Alors que le monde vacille sous les effets de l’autodestruction politique et écologique dans laquelle il s’est engagé, nous avons besoin d’éprouver un étonnement sans cesse renouvelé au sujet des réalités matérielles de l’Être

À Bogota, dans le musée de l’Or de la Banque de la République de Colombie, l’or est exposé en tant que matière façonnée et seulement comme telle. Ce sont des objets, aussi finement ouvragés soient-ils qui ne sont là qu’en tant qu’objets. Mis en contexte quant aux critères esthétiques et géographiques auxquels ils sont rattachés, ils sont déconnectés des conditions réelles de leur production. Leur façon émerveille alors d’autant plus qu’ils paraissent arrachés des actes concrets qui les ont produit. L’or peut alors continuer à briller de tous ses feux.

L’écriture n’est qu’une autre manière de montrer les crocs.

En contrepoint de ce musée destiné à n’exposer que des artefacts séparés des causes et conséquences matérielles et sociales (et politiques et psychologiques et religieuses et…) qui les ont vu naître et prospérer, Michael Taussig cherche à construire, via ce livre, un musée qui ne coupe pas l’objet de la main qui le bâtit. Ce sont les conditions d’extraction du matériau aurifère qui sont alors détaillées. La misère qui les soutient. L’esclavage qui les permet. Et, en parallèle, celles d’un autre matériau, moins encensé mais tout aussi emblématique : la cocaïne.

Mon Musée de la cocaïne n’est pas à lire que comme la remise en perspective sexy et bordelique de ce qui fut longtemps – et le demeure encore dans nos subconscients – la pierre de taille du développement économique capitaliste. Le livre de Taussig, en semblant parfois faire feu de tout bois (on y cause de pierres, d’îles, de cartes, de prison, de Gorgone, de Benjamin, de miasmes, de Bataille, de pirate, de paresse, etc.), tente, avec autant de brio que d’intelligence, de construire une nouvelle esthétique à ces décloisonnements fondamentaux que l’anthropologie propose, sous l’impulsion de précurseurs comme Roy Wagner ou William Cronon. Ce que propose le Musée de l’Or de Bogota était un récit. Un récit dont la teneur ne résiste plus aux nouvelles grilles d’analyse. Mais, pour achever, oeuvre oh combien nécessaire, d’en abattre les présupposés, il convient de raconter un autre récit. Et un nouveau récit n’est rien sans de nouvelles mises en forme.

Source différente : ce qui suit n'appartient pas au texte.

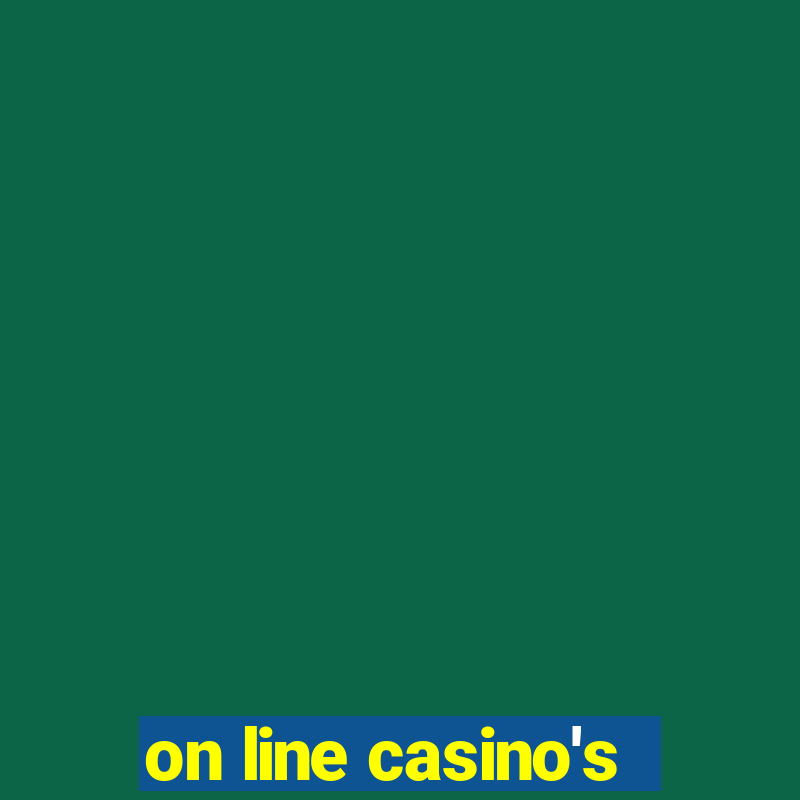 on line casino's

Comment pouvons-nous présumer qu’un morceau de terre est extérieur aux institutions humaines? Nous nous obstinons néanmoins : il y aurait d’un côté la nature, et de l’autre l’artifice. C’est une vieille rengaine. En premier lieu une nature originelle, puis viendrait la deuxième nature. Une vieille histoire que l’on connait par cœur. Car même si nature et artifice ont toujours existé ensemble, il est plus facile de prendre la terre pour une surface sur laquelle l’histoire humaine et ses lois seraient surimprimées – en particulier les lois relatives aux États et à la propriété, lois dont la carte est une parfaite émanation, la signature de la Chute de l’homme. D’abord la terre. Puis la loi. Afin de proposer une histoire alternative à cette fable persistante, comment pourrions-nous raconter la réalité vraie, la fusion de la loi et de la terre, une fusion qui donne quelque chose de complètement différent tout en préservant, dans une certaine mesure, l’autonomie de l’une et l’autre? Qu’est-ce que la deuxième nature? C’est la question que nous devons nous poser si l’on cherche à définir la nature de la nature. Comment raconter la manière dont la loi et la terre se reflètent l’une l’autre, s’interpénètrent jusque dans leurs fibres, sans oublier ces moments d’épiphanie où elles surgissent séparément, nous prenant alors de court?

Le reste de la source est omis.